Junto a la Cruz hay una capilla de construcción moderna dedicada al Apóstol, propiedad del Centro Gallego de Ponferrada que se encarga de organizar cada año la fiesta de Santiago a la que acuden miles de romeros.

A nuestro oeste, el monte Teleno esperaba paciente, como cada tarde, el regreso del sol. La cumbre lleva el nombre que daban los astures al dios celta Teutates. Los romanos, que practicaron el sincretismo en los cuatro puntos del Imperio, lo transformaron en un dios mixto bajo la advocación de Mars-Tilenus.

En tiempos remotos, el Teleno era para los habitantes de la comarca el observatorio a través del cual veían el paso de las estaciones, que iba señalando el crepúsculo siguiendo el avance de la eclíptica.

Pero algo especial tenían esas tierras para que en el siglo VII, durante la dominación goda, alrededor del Teleno se instalasen grupos eremíticos que iniciaron la construcción de templos. Las aceifas árabes hicieron huir a esas comunidades hacia el norte y ello llevó al desarrollo de la arquitectura asturiana un siglo después.

El paisaje iba cambiando a medida que nos aproximábamos a El Bierzo. Robles, encinas, endrinos y brezos eran nuestra flora compañera en esa parte de la ruta. Atrás quedaba la mirada de los girasoles de Castilla, vestidos de amarillo bajo la bóveda azul.

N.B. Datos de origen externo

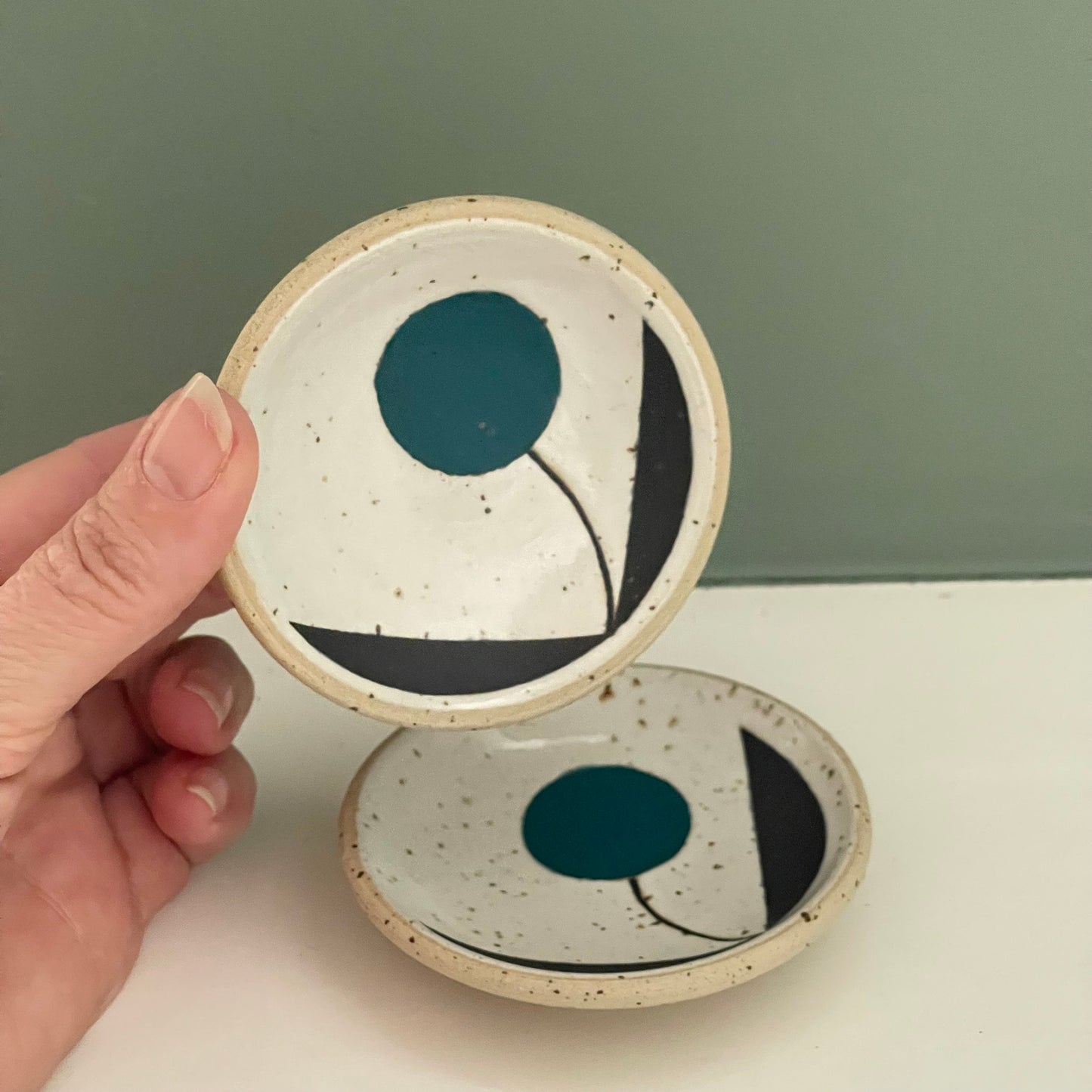 Set of 2 small dishes, teal flower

Yo prefería caminar por llano, aunque reconocía que cuesta abajo avanzábamos más, sin fatigarnos. Me imaginé yendo sola un día de invierno y sentí que se me encogía el alma. El lugar resultaba mucho más perturbador que las llanuras y estepas burgalesas, pero no sabría decir por qué. Seguro que era por la vegetación, capaz de ocultar varias clases de monstruos.

Conocía las historias que se cuentan de Manjarín y había visto las fotografías con simbología templaria y una manada de ocas vivas que ambientan el lugar. Por las imágenes daba la impresión de ser una ruina. En realidad estaba un poco destartalado y no recordaba nada a una encomienda del Temple. A priori no imaginábamos a los Caballeros de Hugo de Payens asentados allí, pero, una vez en el lugar, lo encontramos muy acogedor y enigmático. No hay ni agua ni luz, pero comparten con los peregrinos lo poco que tienen. Sellan las credenciales y dan alojamiento. No cobran, pero piden que se contribuya con un donativo para mantener el albergue, ya que no disponen de otras ayudas.

Al frente está Tomás, conocido como el último templario. Es cierto que el lugar es especial. Sea por la energía que fluye de la Madre Tierra, por la que emana de las personas que gestionan el lugar, por la de los romeros que allí hacen un alto, o por la suma de las tres, es una evidencia que el enclave invita a quedarse un buen rato compartiendo conversación y secretos.

El hospitalero llegó a Manjarín hace unos veinte años. Estuvo haciendo noche en el castillo templario de Ponferrada antes de la restauración, y dice que allí «recibió la llamada». No pensaba fijar su residencia en Manjarín, pero a su paso por el lugar tuvo una experiencia trascendente que fue el detonante. Cuenta que una peregrina con vestido rojo largo estaba en la explanada interpretando una danza al sol. Cuando él salió se dieron un abrazo y ella le susurró al oído que debía quedarse allí, que ese era su sitio. Él contestó que lo asumía y, entonces, de la palma de la danzante brotó una rosa. Un tiempo después llegaron unos romeros y le mostraron un cuadro con la imagen de una mujer. Era ella, la danzarina. Dicen que de vez en cuando se aparece a los caminantes. Algunos oían la historia embobados y otros acentuaban su expresión de escepticismo. En cualquier caso, Manjarín era un lugar que propiciaba desentenderse de las cuestiones materiales y penetrar en el reino insondable del espíritu, aunque solo fuese por unas horas. Algunos queríamos quedarnos a dormir, pero la mayoría no se atrevió a enfrentarse a la falta de electricidad y agua. La razón se impuso y continuamos ruta.

(De mi novela El Códice de Clara Rosemberg).